What a shame this limited vision was so truncated! The concept of only 4Ps misses the important and unavoidable ‘P’ of Position: where to distribute, what channel to distribute through, what actual product
to produce, what price to charge. How does an ‘product matrix’ get developed without going through the important considerations of price, quality, size, value, etc?
A product matrix is a structure for analysing product information by comparing characteristics such as color, size, material, quality, price, distribution, or any combination therein with the view of identifying opportunity or threat. When the original ‘4P’s are considered alone, the majority of effort is about price and product innovation.
Product innovation too often is brought back to price alone - what someone thinks the market can bear. Obviously true marketers look past this but in times of ‘global crisis’ there is a deafening call to ‘meet price or fail’!
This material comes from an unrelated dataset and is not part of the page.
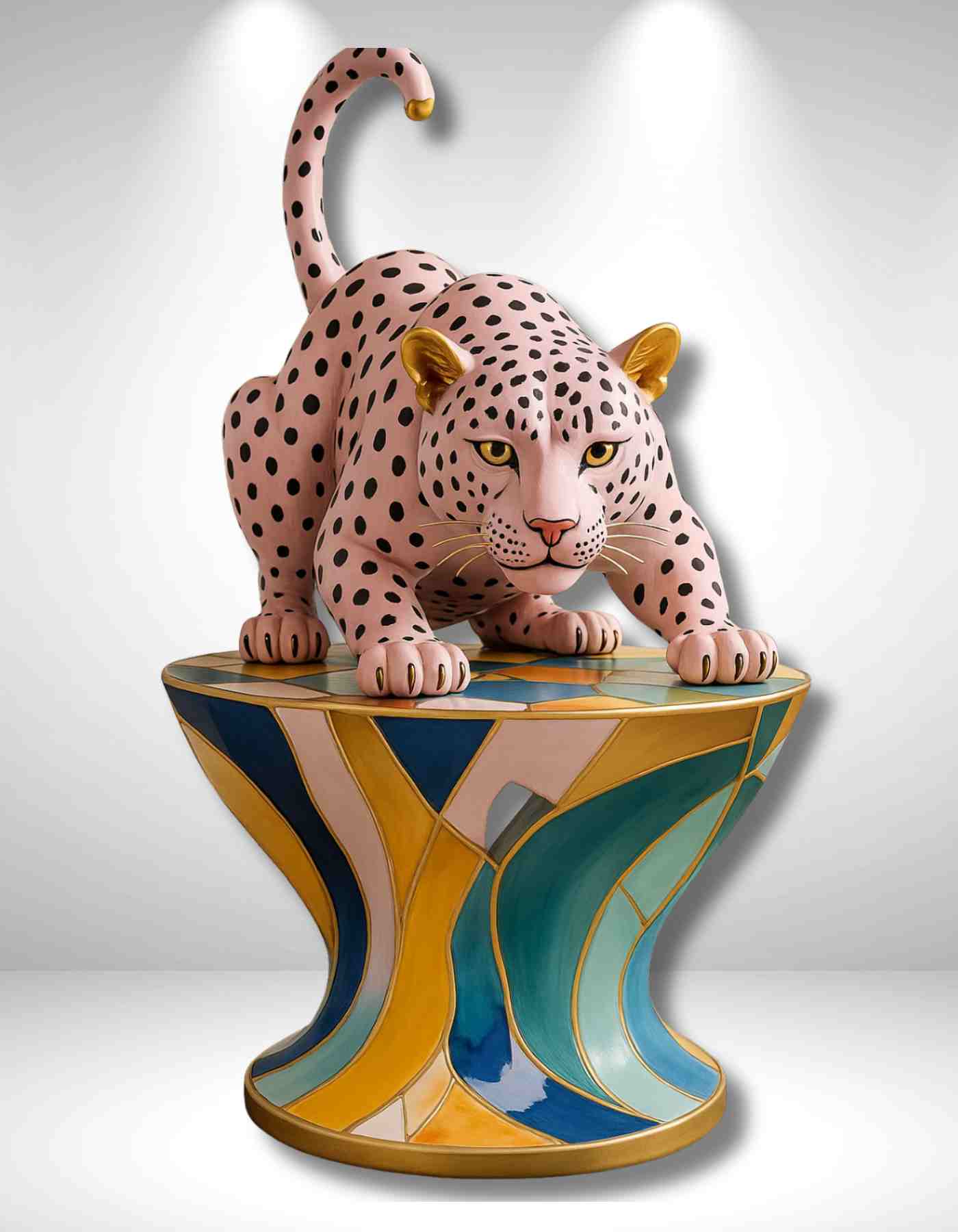 Leopard Myth | A Statement Sculpture for the Entryway Corner made in Resin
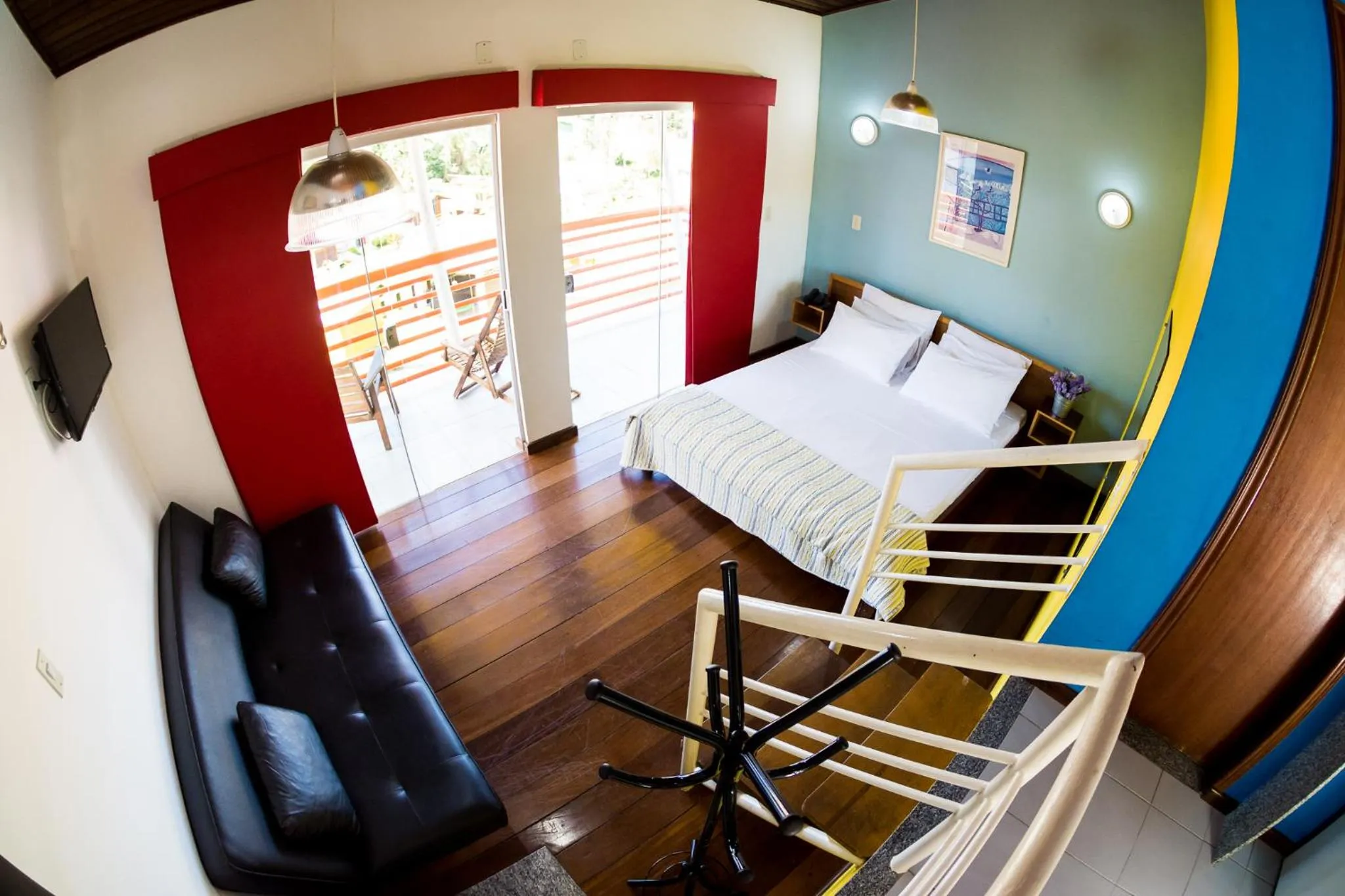 Bed in Pousada Suarez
‘People’ – do we need as many, doing the same job as eons ago or do we go to market with other methodologies and use people in other ways? Do we have the level of experience, product knowledge and ability to train clients to help support their own needs?
Without ‘Performance management’ we do not harness and maintain the effect and value of ‘People’. They can become more liability than asset.
‘Participation’ is about ‘buy-in’ and developing ideas beyond the value...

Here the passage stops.